- Action item -
An exact transcription is needed of the lines below from the one with "Nutella pudding cake" through the one with "A swimming pool", with no other lines and no pictures.

- Dataset extract -
══════════════════════════════
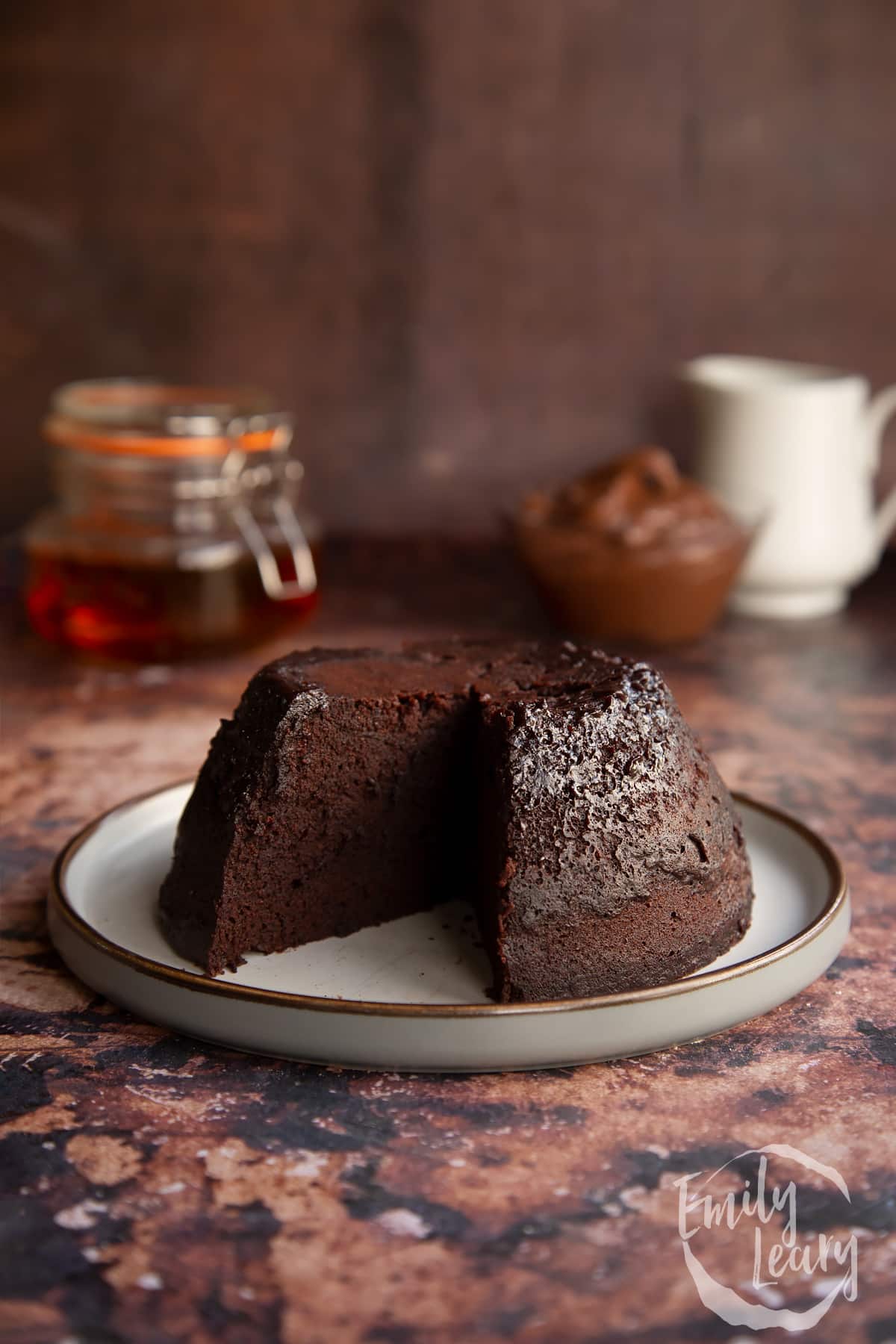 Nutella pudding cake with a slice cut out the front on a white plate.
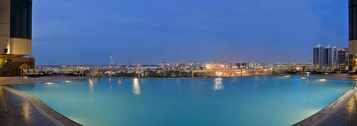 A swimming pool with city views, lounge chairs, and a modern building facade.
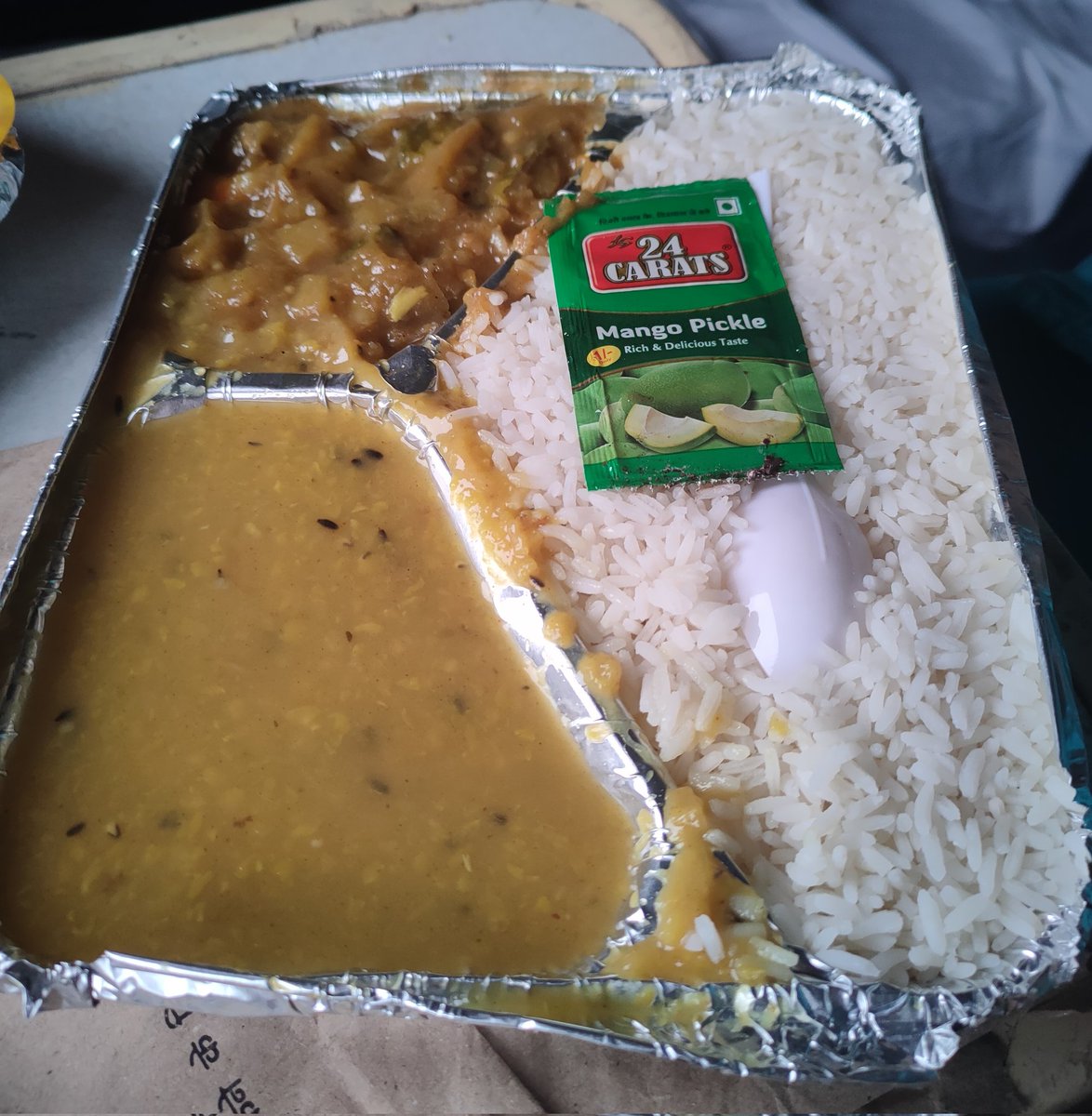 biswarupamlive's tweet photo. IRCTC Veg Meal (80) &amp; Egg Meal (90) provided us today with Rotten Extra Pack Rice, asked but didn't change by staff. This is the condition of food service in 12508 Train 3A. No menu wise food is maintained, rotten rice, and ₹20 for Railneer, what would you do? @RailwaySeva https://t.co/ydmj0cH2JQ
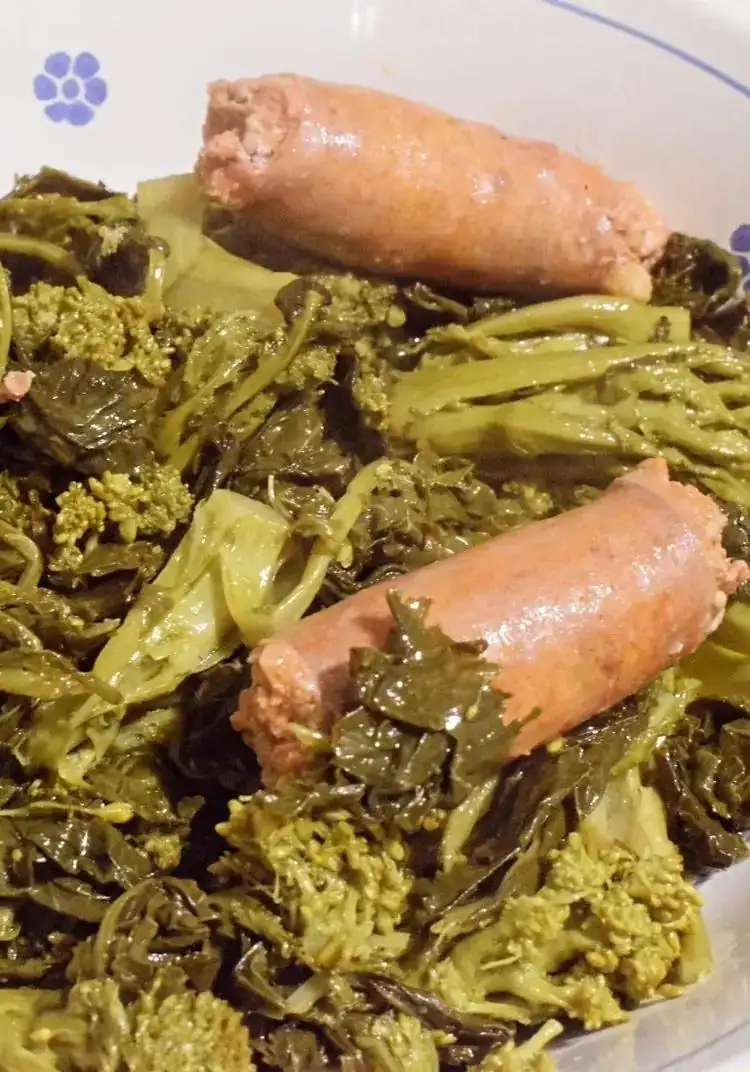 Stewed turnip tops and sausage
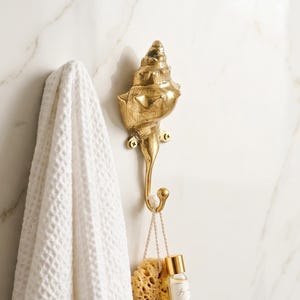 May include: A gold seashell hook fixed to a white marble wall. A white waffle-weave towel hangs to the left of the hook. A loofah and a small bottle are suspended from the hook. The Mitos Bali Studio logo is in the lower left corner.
══════════════════════════════
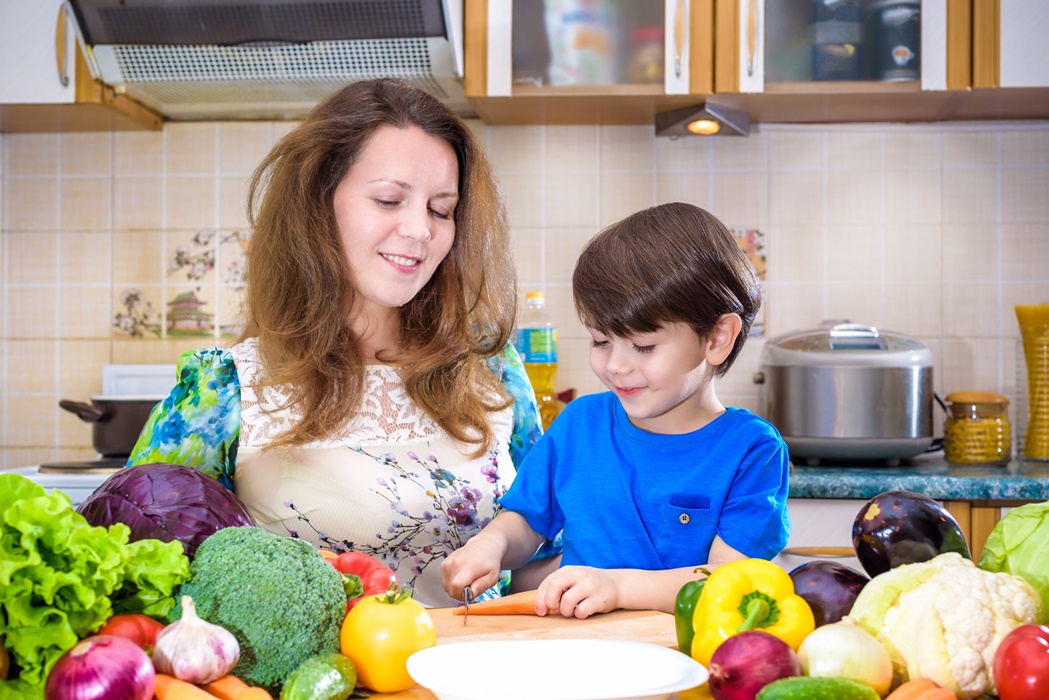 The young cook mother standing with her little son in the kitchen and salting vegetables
══════════════════════════════
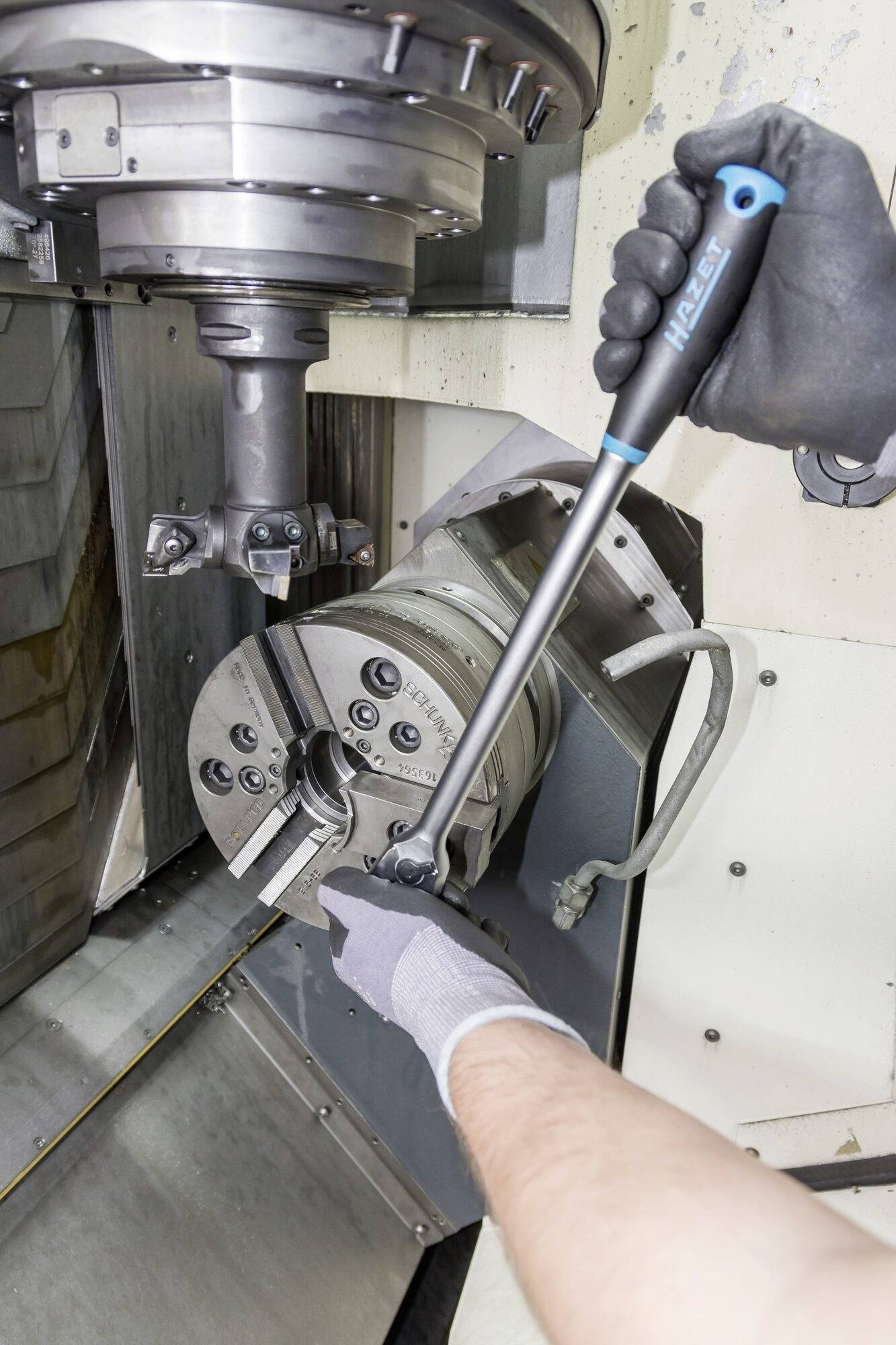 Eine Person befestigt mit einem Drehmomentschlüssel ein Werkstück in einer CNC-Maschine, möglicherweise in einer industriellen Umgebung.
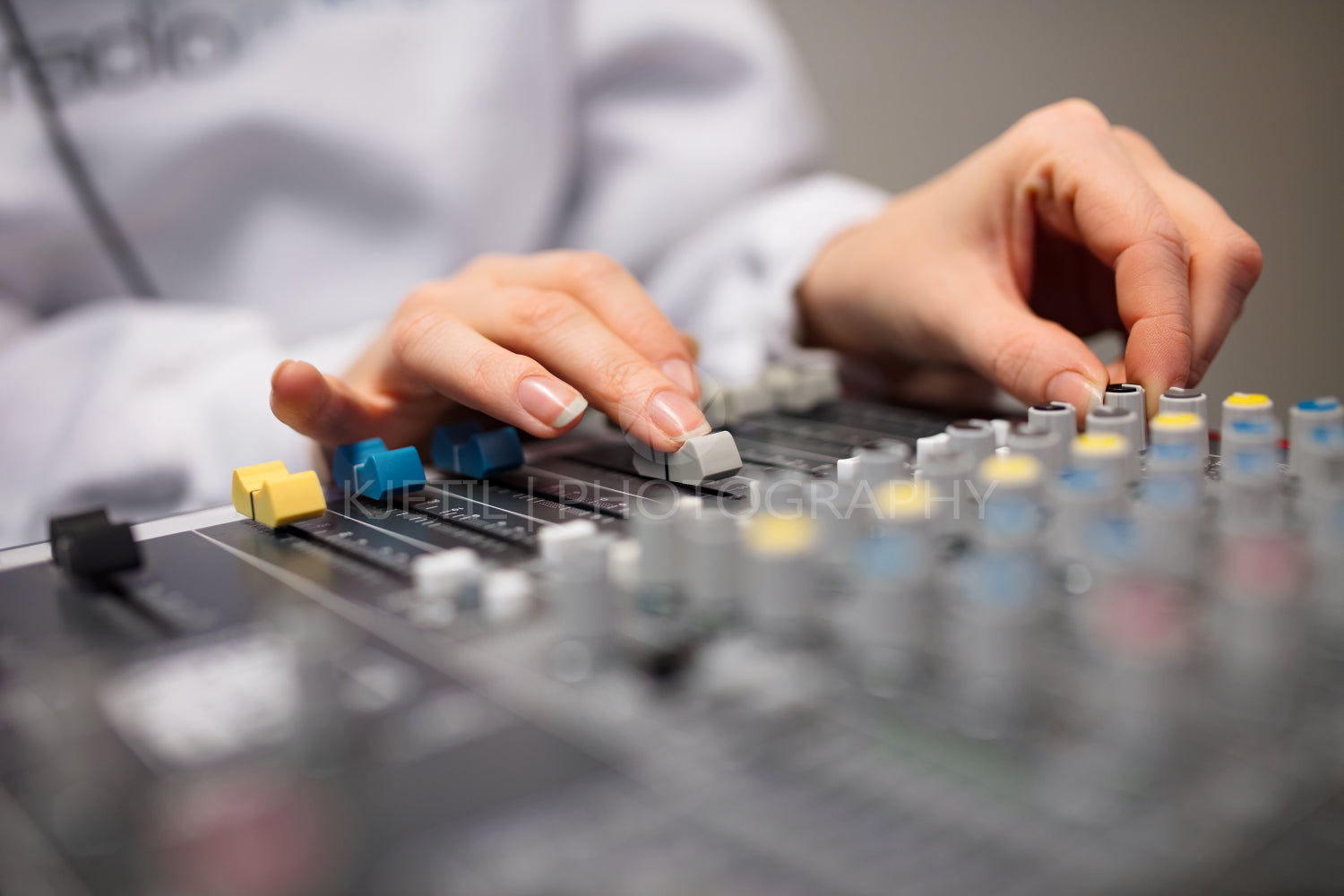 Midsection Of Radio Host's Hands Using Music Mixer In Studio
══════════════════════════════
- Exercise result -
 Nutella pudding cake with a slice cut out the front on a white plate.
 A swimming pool with city views, lounge chairs, and a modern building facade.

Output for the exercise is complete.